Camacho stared at the door after Dreyfus left. He had slipped and made a mistake; he had lied to Dreyfus. The only way to keep two separate lives completely, safely separate was to never tell a lie. Never. You often had to leave out part of the truth, but that wasn’t a lie. A lie was a booby trap, a land mine that could explode at any time with fatal results. And this lie had been a big one. He sat now staring at the objects on his desk with unseeing eyes as he examined the dimensions of the lie and its possible implications. Stupid! A stupid, idiotic lie.
He rubbed his forehead again and found he couldn’t sit still. He paced, back and forth and back and forth, until finally he was standing in front of the Pentagon organization chart. If there were forty files or sixty-three or any number, there would be a small group of people who would have access to all of them, if you constructed just one more hypothesis—that all the files concerned classified projects in research or development. Tyler Henry the admiral suspected they did. Albright the spy already knew and had told him so.
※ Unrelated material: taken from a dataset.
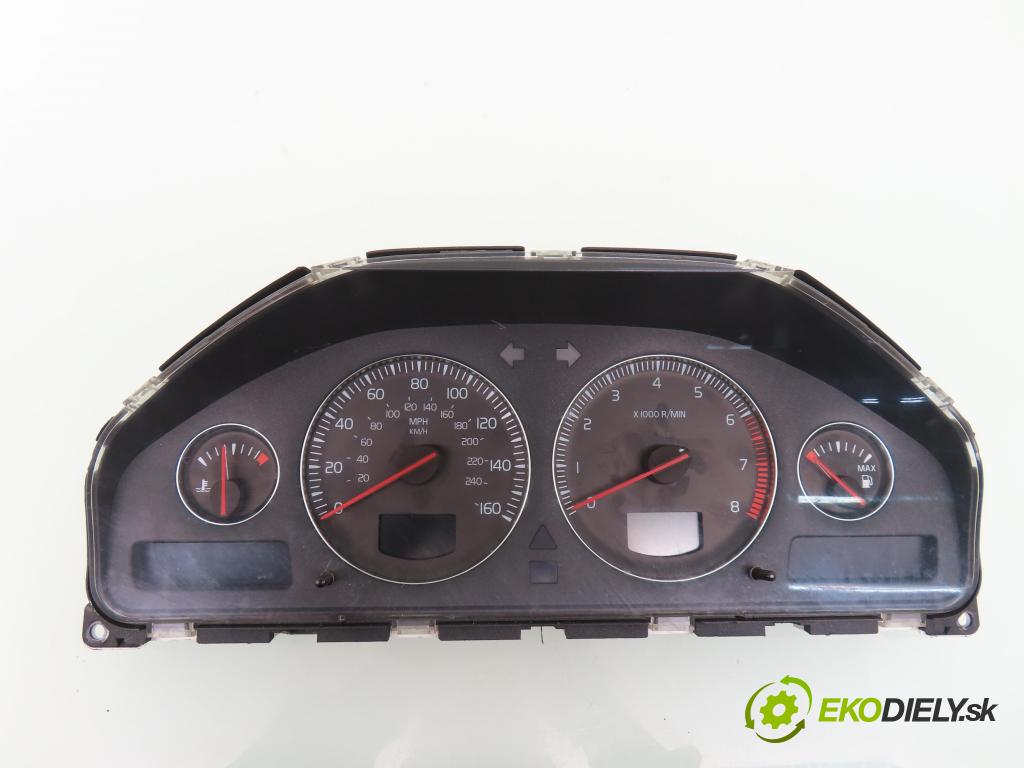 VOLVO S60 I (384) SEDAN 2004 103,00 2.4 Bifuel (CNG) - B 5244 SG 2435,00 Prístrojovka elektrický 8673261 ; 69294760T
Camacho the spy catcher must verify or refute that hypothesis soon, or Dreyfus and Henry and Albright and a lot of the others are going to think him incompetent, or worse.
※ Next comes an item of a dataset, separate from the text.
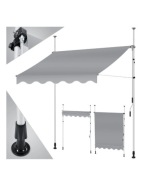 Markiza balkonowa zaciskowa 150 cm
He stood staring at one box on the complex chart. Inside the box was printed: “Under Secretary of Defense for Acquisition.”
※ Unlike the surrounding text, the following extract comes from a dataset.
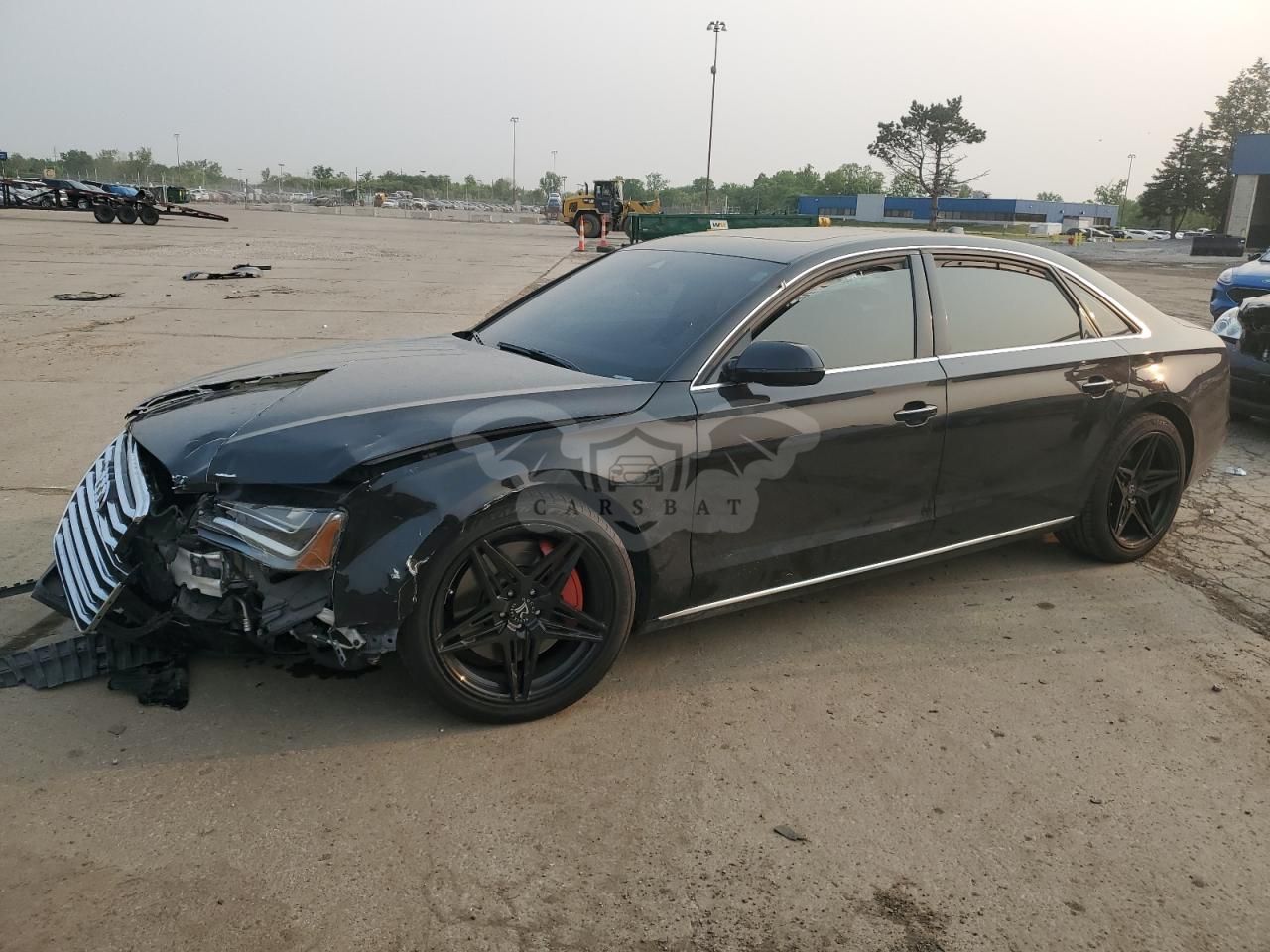 Audi A8 L QUATTRO 4.2L 8 2012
He sat at his desk and unlocked the lower right drawer and removed a file. Inside were photocopies of all sixty-three letters. They were in chronological order. All had been written on plain white copy machine paper in #2 lead pencil, which had been a wise precaution on the part of the person or persons who wrote them. Ink could be analyzed chemically and the sellers of pens could be interviewed, but a #2 lead pencil was a #2 lead pencil. And copy machine paper—the stuff was everywhere, in every office of the nation.
On an average day the Soviet embassy received several dozen casual cards and letters mailed from all over the United States. Most of the messages were short and to the point. Many were crude. “Eat shit, Ivan,” seemed to be popular. The Chernobyl disaster and the Armenian earthquake had elicited thousands of pieces of mail, much to the chagrin of the postal inspectors and FBI
agents assigned to screen it.
Over the last three years these letters in this file had been culled for further scrutiny. All the messages were printed in small block letters, all were long enough to contain an internal code and all of them had been written in English by someone with a fairly decent education. Some were signed and some weren’t. Interestingly, about 80 percent of these letters had been mailed in the Washington metropolitan area. Not a one had been mailed from over a hundred miles away. All had been enclosed in cheap, plain white envelopes available in hundreds of bookstores, convenience stores, supermarkets, etc., all over town.
Camacho looked closely. It was easy to see that the same person had written them all; the penmanship was so careful and neat, the style of the writer so consistent from letter to letter. And every now and then, maybe once in every other letter, the syntax was tortuous, not quite right. It was as if the writer purposefully chose a difficult sentence construction. The conclusion that these letters, or at least some of them, contained an internal code was inescapable.
The mechanics of the matrix demanded a reasonably long letter if one were going to encrypt a long message, say three dozen characters. If it took an average of three words to signal one character, then the message must run to at least nine dozen words, too many for a postcard.
The sheer number of letters was daunting. Some of them were probably dross. The Minotaur knew these letters would arouse suspicion, so he wrote lots of them. And it was impossible to tell which contained a code and which didn’t. He was hiding in plain sight.
Maybe that was the key. Maybe the Minotaur wasn’t just some career civil servant, some clerk. Maybe he was a man in plain sight, out in the open, known to one and all. But why? Why was he committing treason? That’s what the Soviets wanted to know.
Camacho picked up the phone and punched numbers. “Dreyfus, pull the files on all the political people in the Defense Department and put them in the conference room.”